The book is chocked with insightful, interesting anecdotes about successful practitioners of CI (as well as some cautionary tales), and is also full of good reminders about corporate strategy and business in general.
What I found most useful was the overall reminder that CI is not (just) about what your competitors are doing in the here and now, but where your competitors, your markets, and your customers are going, too.
Okay, this last sentence is no doubt drawing a big "Well, duh," from a lot of readers, but the point is that - especially in small companies, where I tend to hang my hat - if you devote any time to competitive analysis at all it's typically aimed at helping sales and/or figuring out what features you should add to your product. (Make that should have already added to your product.) You tell yourself you're doing CI because you look at "their" positioning, their feature list, their partner announcements - and then you spend a lot of time coming up with "here's what you should say when" documents to give to your sales guys. As Fuld points out, this data gathering is not really CI at all. In fact, it doesn't really count for all that much since it's information that's easily available to everyone else in the world, in the same way, shape, form, and time.
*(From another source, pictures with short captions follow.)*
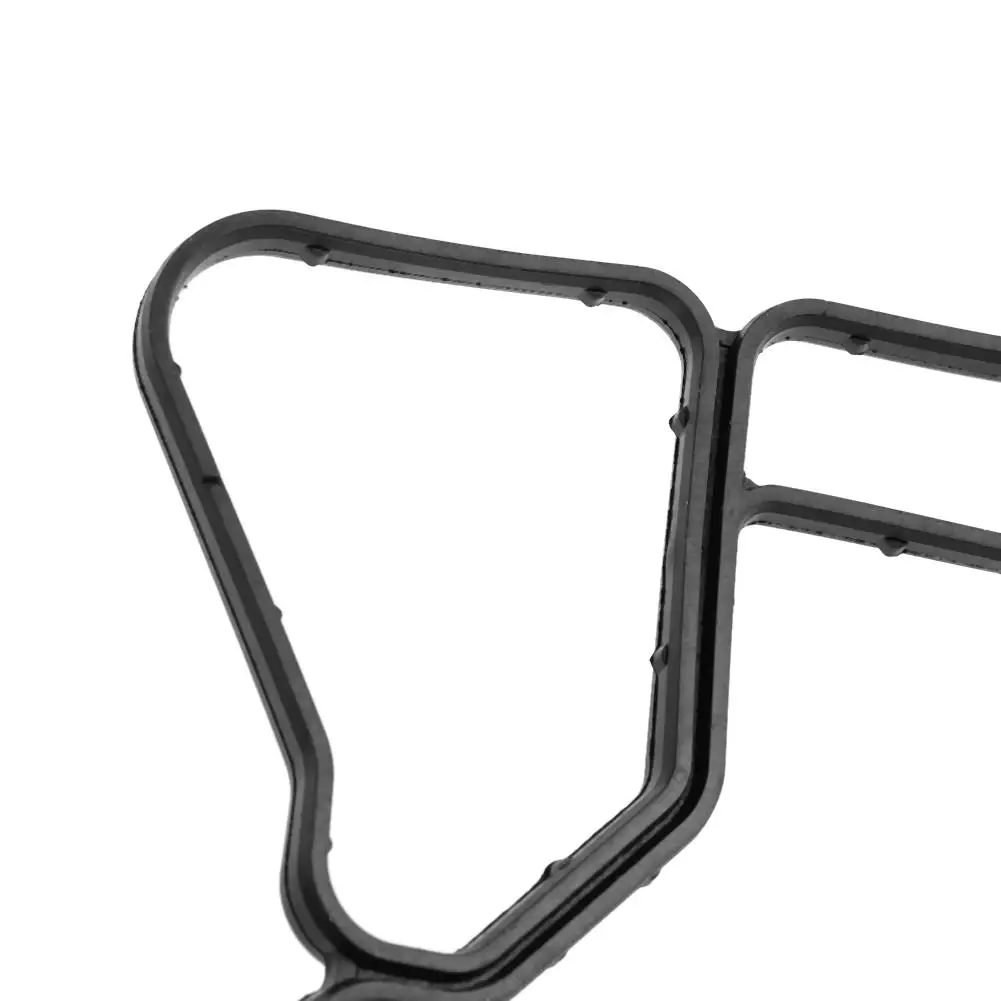 Прокладки уплотнения корпуса масляного фильтра двигателя для BMW E60 E82 E83 E84 E90 E92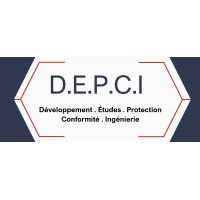 D.E.P.C.I logo - Similar company to Iso Protec Feu Groupe Realis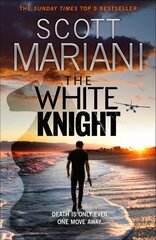 White Knight kaina ir informacija | Fantastinės, mistinės knygos | pigu.lt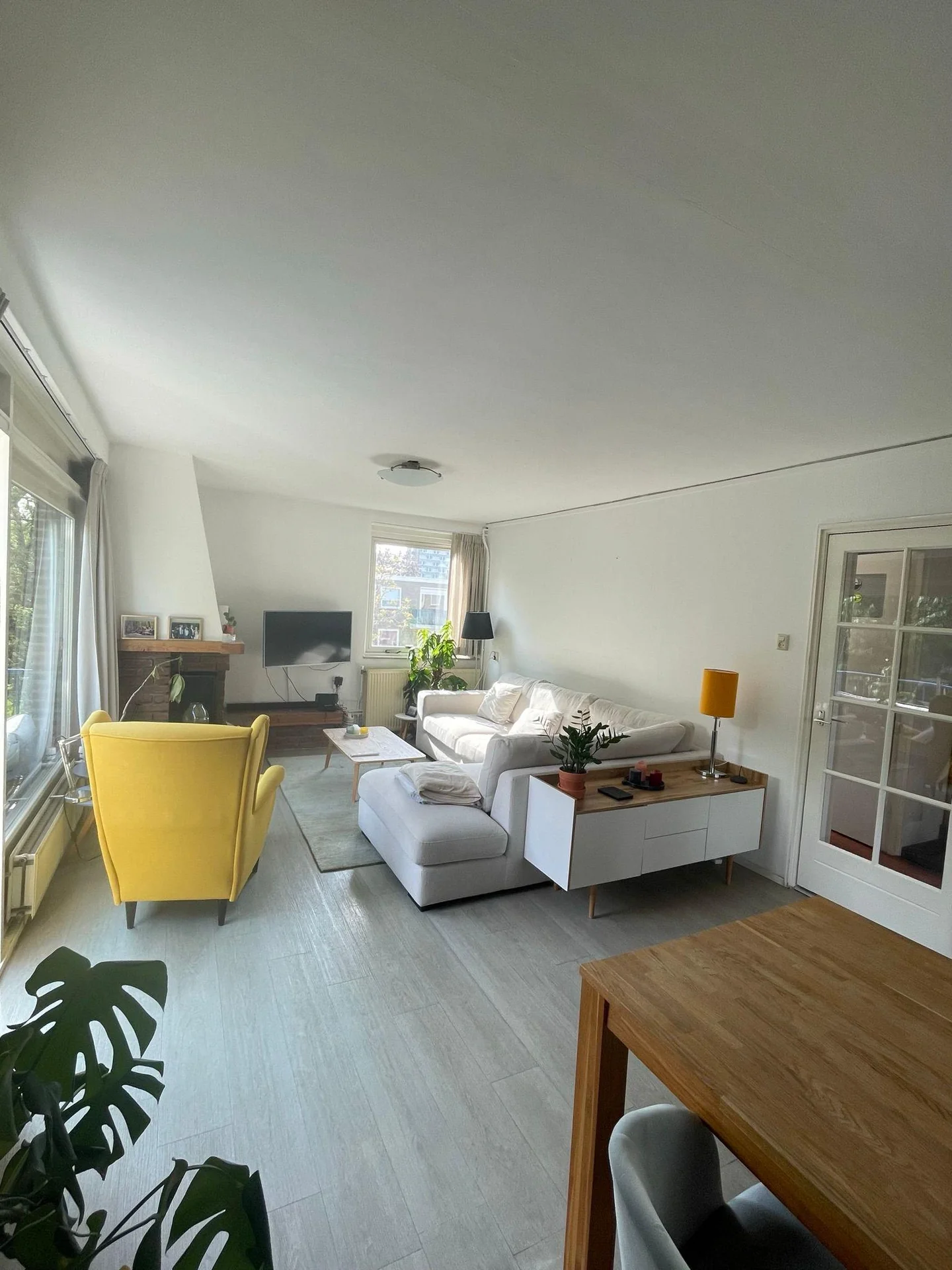 Foto van de Kamer gelegen aan de Rubenslaan in Utrecht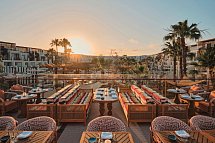 BLESS Ibiza The Site - Restaurant Coya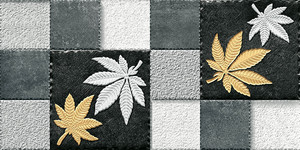 Carreaux muraux Premium Choice de qualité supérieure, carreaux d'élévation Asia Tiles 300x600mm pour articles de santé. - Product Image 3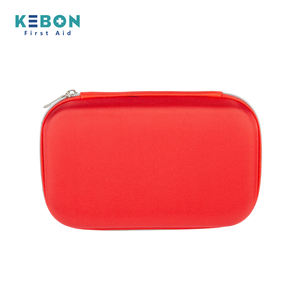 Trousse de premiers soins compacte et abordable, sac adorable pour l'école, les activités de plein air, les essentiels de survie <span class=keywords><strong>en</strong></span> extérieur pour les voyages - Product Image 6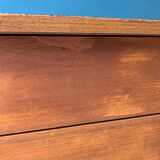Vintage 220cm sideboard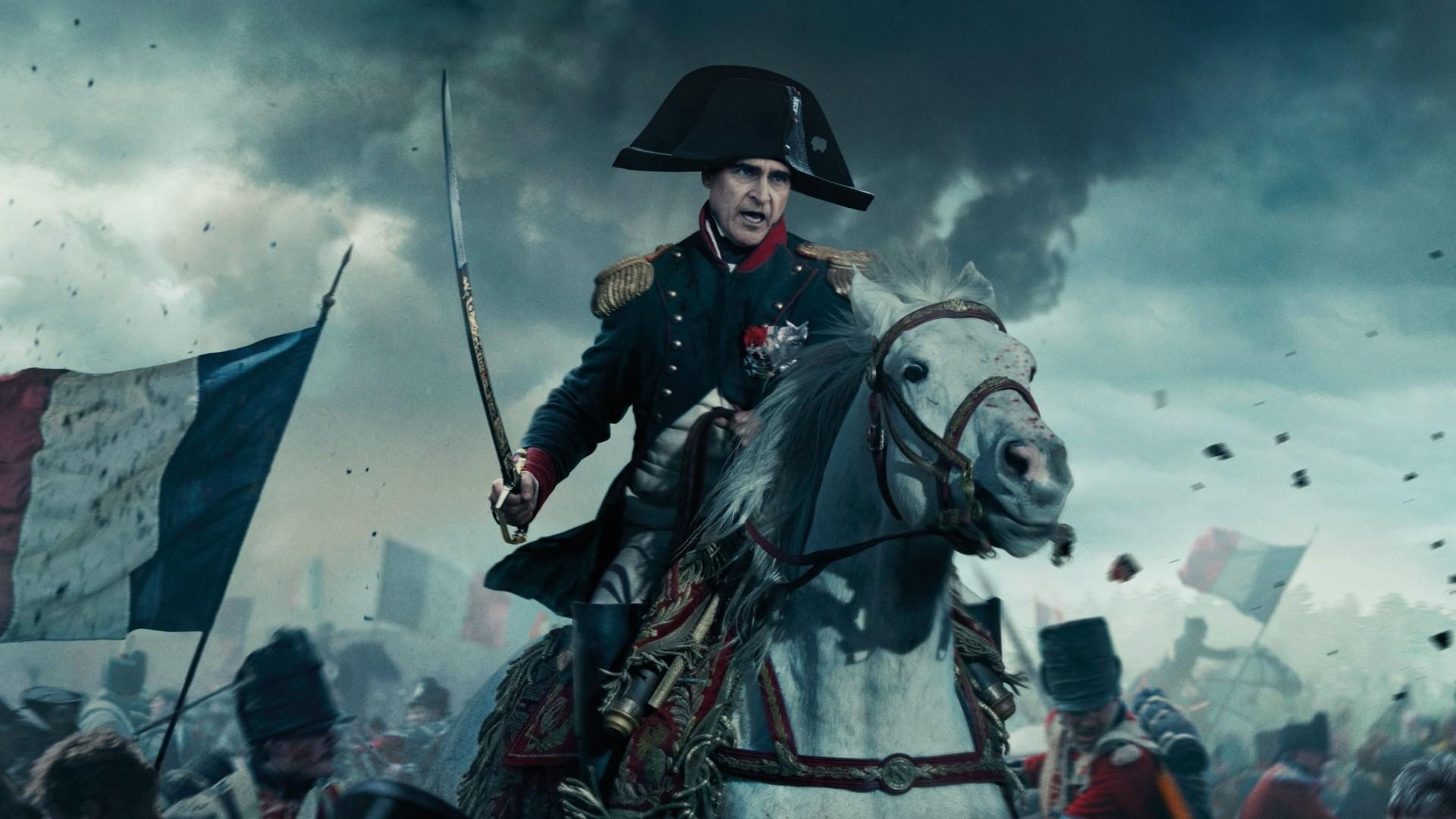 Napoleon: Director's Cut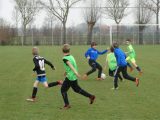 Gezamenlijke training S.K.N.W.K., JO11-1 en JO12-1 van zaterdag 2 maart 2019 (141/155)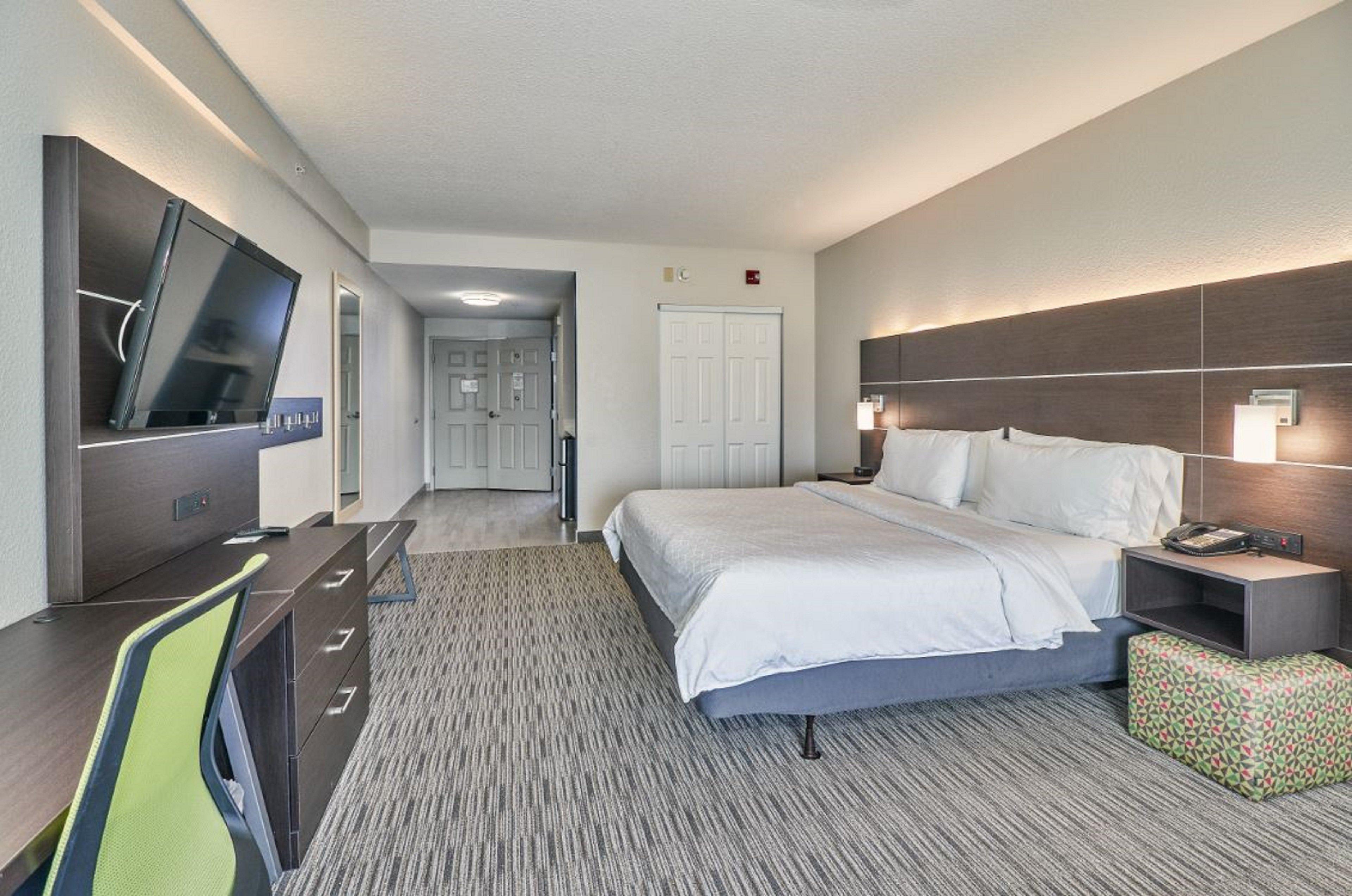 Holiday Inn Express Hotel & Suites Clearwater Us 19 North By Ihg Εξωτερικό φωτογραφία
In Leonard Fuld's world, CI practitioners - who, he points out, should and can be pretty much anybody in the company - look for nuggets of information that not everyone will bother to think about. He cites an anecdote in which T. Boone Pickens figured out what his competitors were up to during his wild-catting days. Here's an excerpt from Fuld's interview with Pickens:
We would have someone who would watch [the rival's] drilling floor from a half mile away with field glasses...Our spotters would watch the joints and drill pipe. They would count them; each [drill] joint was thirty feet long. By adding up all the joints, you would be able to tally the depth of the well.Alright, this may not have any direct applicability to the software world I live in, but it does tell me that by going a little out of your way you may be able to find things about your competitor that go beyond what you can read on their web site. (In the Pickens' case, deeper drilling = higher costs- a useful thing to know about a product that's coming downstream.)
Fuld also talks about staying ever on the alert for information gems that, one piece at a time may not be that meaningful, but when looked at together can start to tell a story. He writes about the usefulness of war games in which you assume the role of your competitors and start thinking through how they might be thinking. He offers tips on not getting yourself bogged down in endless, fruitless Internet searches.
I know that I'm not giving the book justice, and I'm sure that I'll be back at some point with more on this topic. Having just finished the book, I did want to "get it out there," and encourage others to take a look at it as well.
Especially for those of us who work in small companies where a department charged with Competitive Intelligence is a luxury good, where the focus is always on the here and now - how do we get this product out, how do we close this sale - it's useful to be reminded that sometimes you need to take a deep breath. Really thinking through where your competitors, your market, and your customers are going is not easy, and it's not without cost and risk. It's scary to think that if you took a really good hard look at "it", you might need to shift your focus, shift your priorities, shift your way of thinking.
That product that you just want to shove out the door and into the market may do just fine in the short term, but if you're not also looking at where things might be headed after next quarter, you're doing yourself and your company a longer term disservice.